▸ **What to produce**: Transcribe exactly everything in the data below from the line containing "Yellow White Kitchen" down to the line containing "SUENTA Pullover Comfy", both lines included and nothing further.

▸ **Task input**:
[Start of section]

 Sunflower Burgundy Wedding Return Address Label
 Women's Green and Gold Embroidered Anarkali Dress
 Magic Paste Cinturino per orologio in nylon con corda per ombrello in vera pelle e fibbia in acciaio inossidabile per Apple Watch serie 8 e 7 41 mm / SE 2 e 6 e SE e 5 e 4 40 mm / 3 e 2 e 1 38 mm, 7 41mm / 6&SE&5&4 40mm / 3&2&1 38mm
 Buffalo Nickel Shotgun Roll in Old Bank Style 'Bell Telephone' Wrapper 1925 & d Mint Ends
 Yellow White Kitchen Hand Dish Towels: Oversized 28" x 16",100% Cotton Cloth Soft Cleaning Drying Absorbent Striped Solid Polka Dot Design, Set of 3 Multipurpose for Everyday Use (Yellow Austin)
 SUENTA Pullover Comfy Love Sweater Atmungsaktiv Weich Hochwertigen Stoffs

[End of section]
[Start of section]

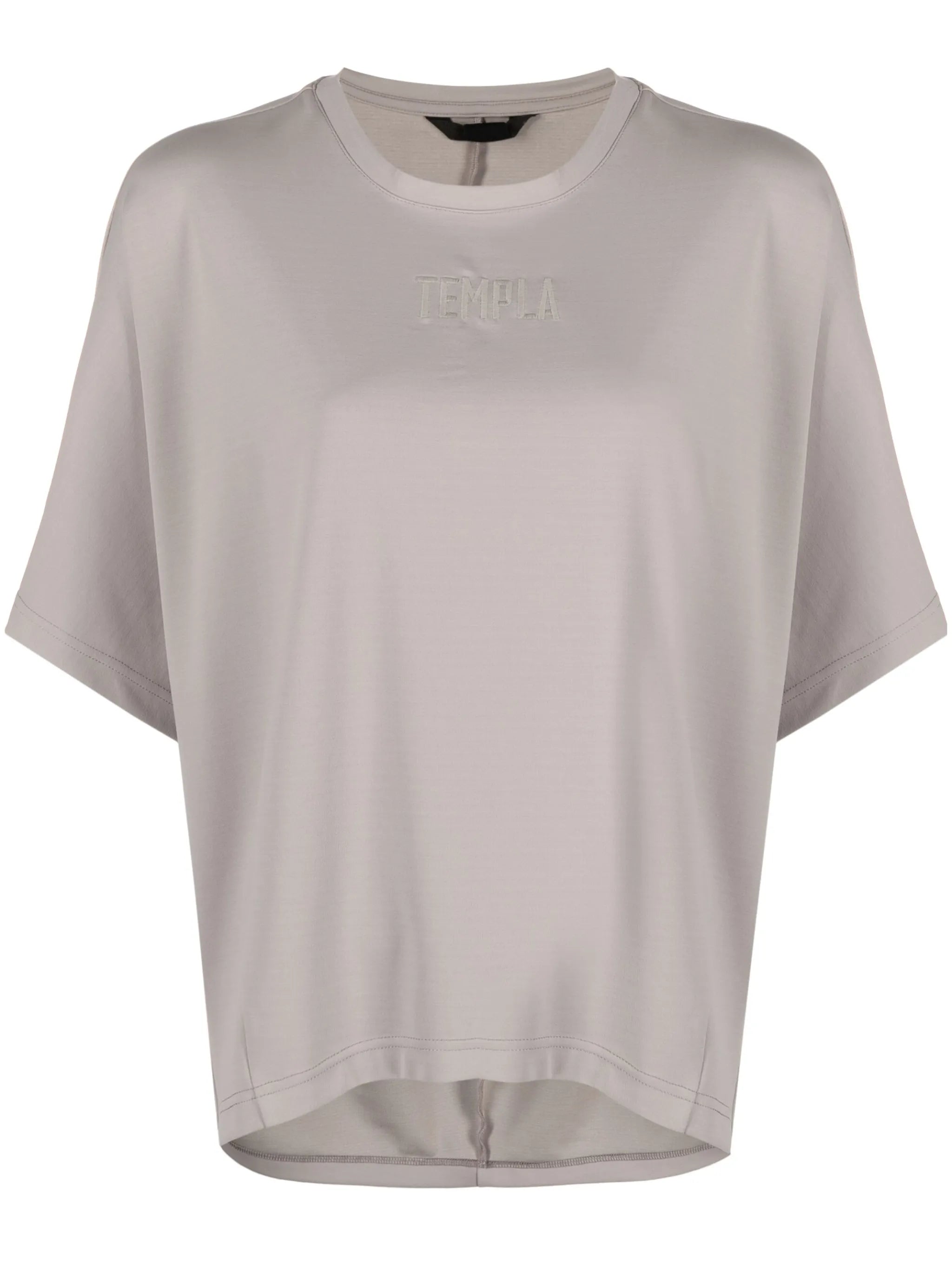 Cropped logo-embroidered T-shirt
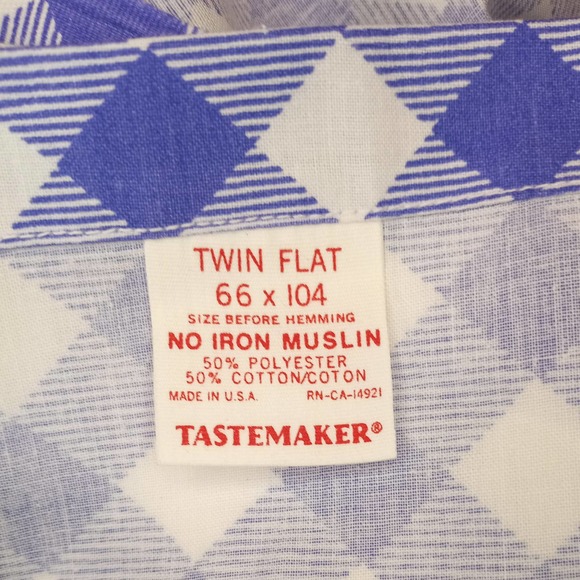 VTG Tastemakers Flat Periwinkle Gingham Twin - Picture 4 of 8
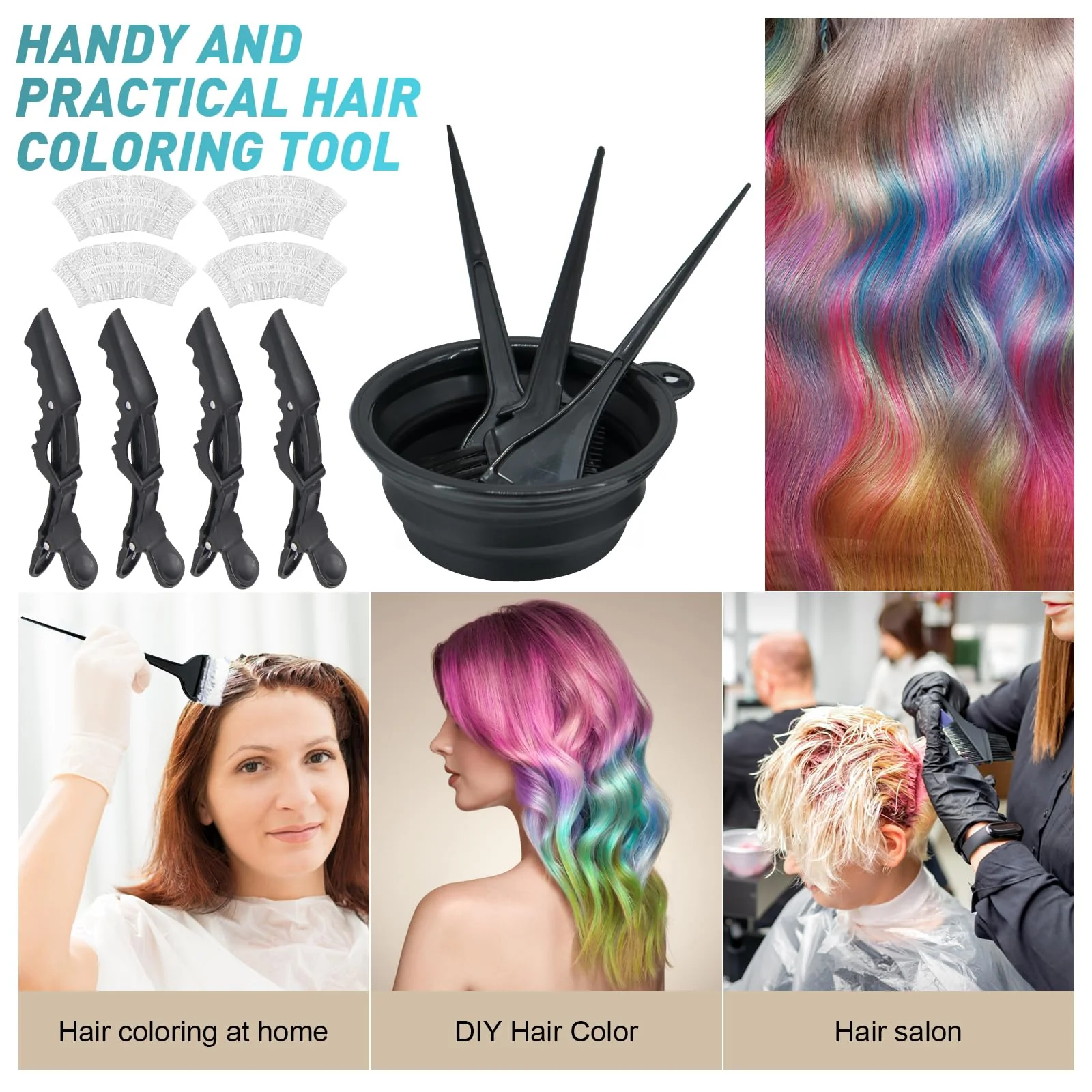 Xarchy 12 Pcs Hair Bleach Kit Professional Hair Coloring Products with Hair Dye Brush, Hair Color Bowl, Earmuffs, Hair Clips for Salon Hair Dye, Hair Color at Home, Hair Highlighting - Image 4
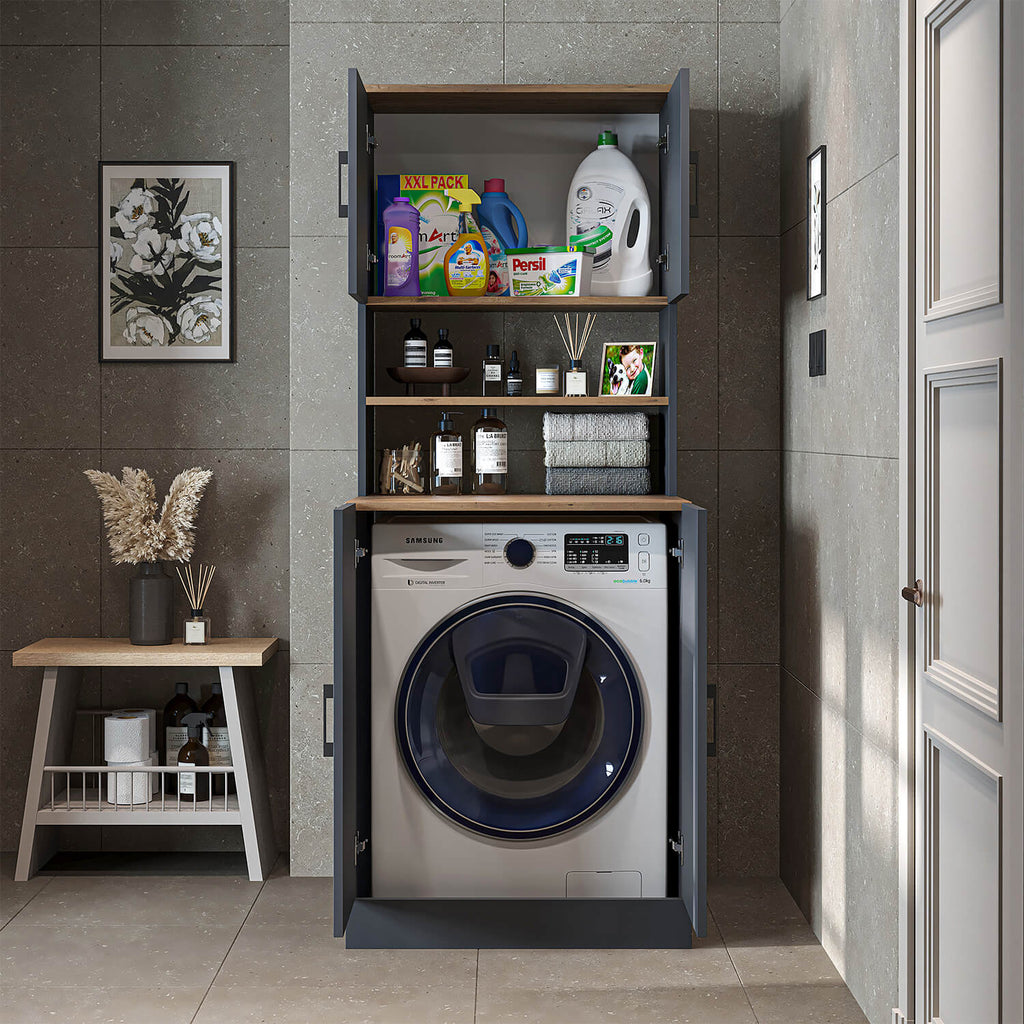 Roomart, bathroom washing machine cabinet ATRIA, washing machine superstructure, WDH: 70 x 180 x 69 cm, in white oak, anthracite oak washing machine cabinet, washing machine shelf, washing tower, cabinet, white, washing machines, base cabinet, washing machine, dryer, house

[End of section]
[Start of section]

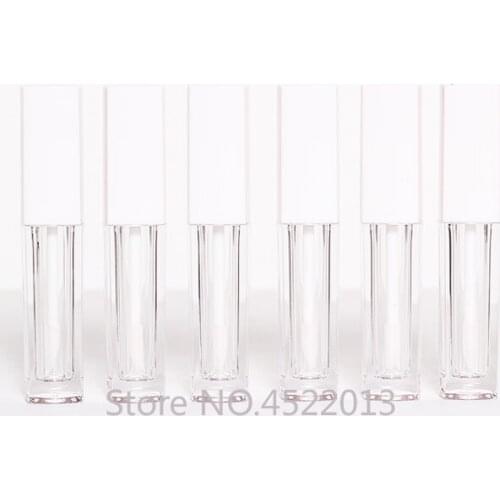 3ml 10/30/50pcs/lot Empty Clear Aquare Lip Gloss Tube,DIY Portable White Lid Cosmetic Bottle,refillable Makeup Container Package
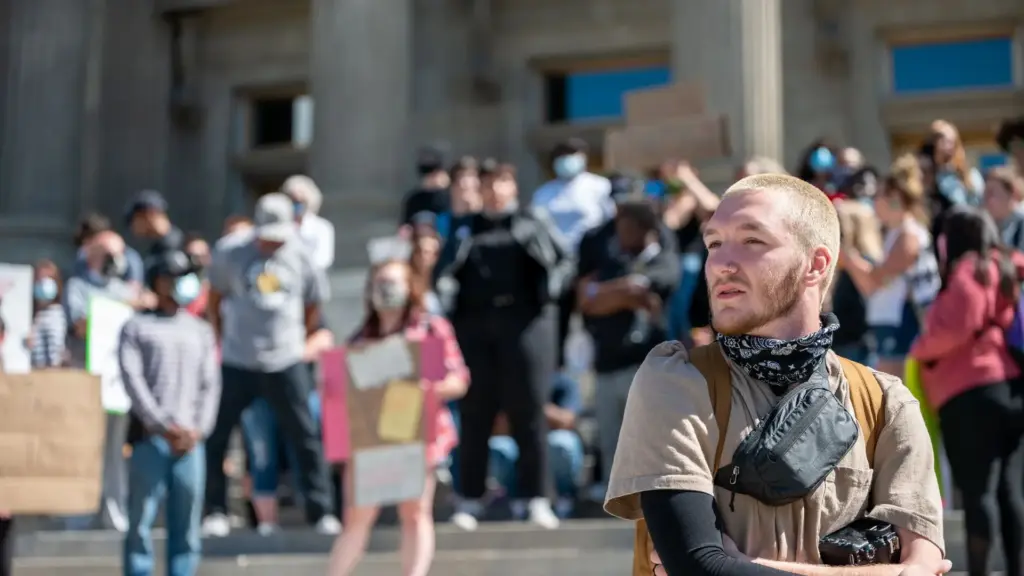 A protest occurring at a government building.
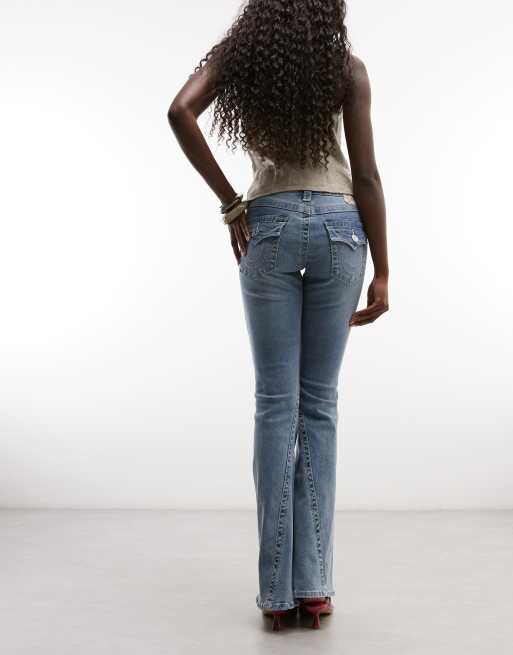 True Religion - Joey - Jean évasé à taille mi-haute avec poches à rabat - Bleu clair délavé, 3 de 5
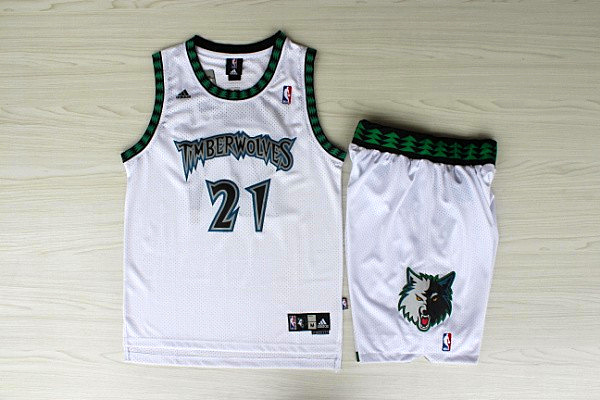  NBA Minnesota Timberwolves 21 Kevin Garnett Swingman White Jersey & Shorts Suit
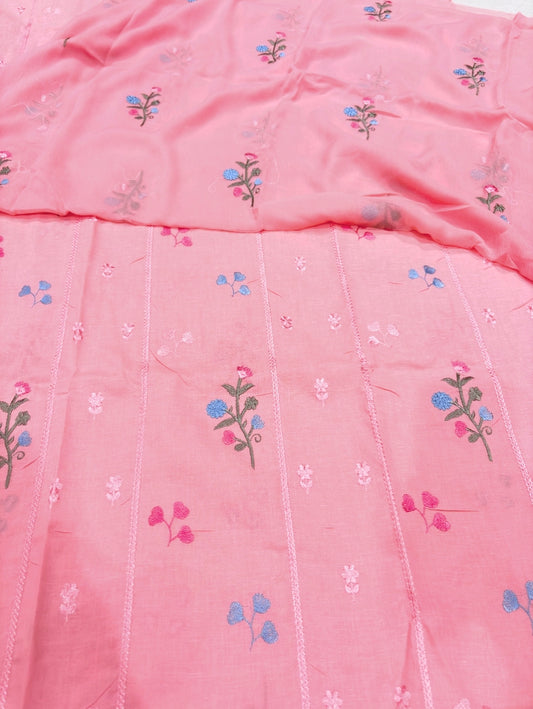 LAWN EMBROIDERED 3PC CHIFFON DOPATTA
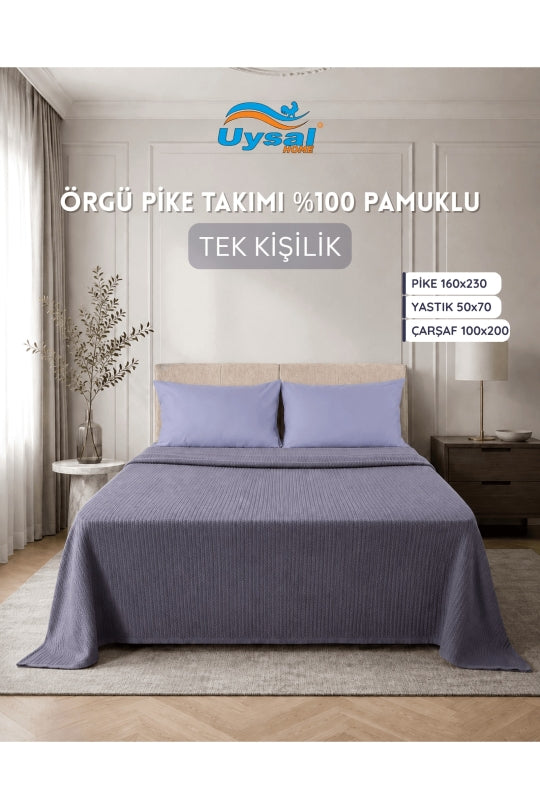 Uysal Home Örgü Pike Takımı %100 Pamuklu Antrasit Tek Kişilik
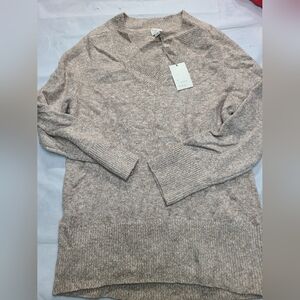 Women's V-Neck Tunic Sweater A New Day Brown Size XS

[End of section]

▸ **Problem solution**:
 Yellow White Kitchen Hand Dish Towels: Oversized 28" x 16",100% Cotton Cloth Soft Cleaning Drying Absorbent Striped Solid Polka Dot Design, Set of 3 Multipurpose for Everyday Use (Yellow Austin)
 SUENTA Pullover Comfy Love Sweater Atmungsaktiv Weich Hochwertigen Stoffs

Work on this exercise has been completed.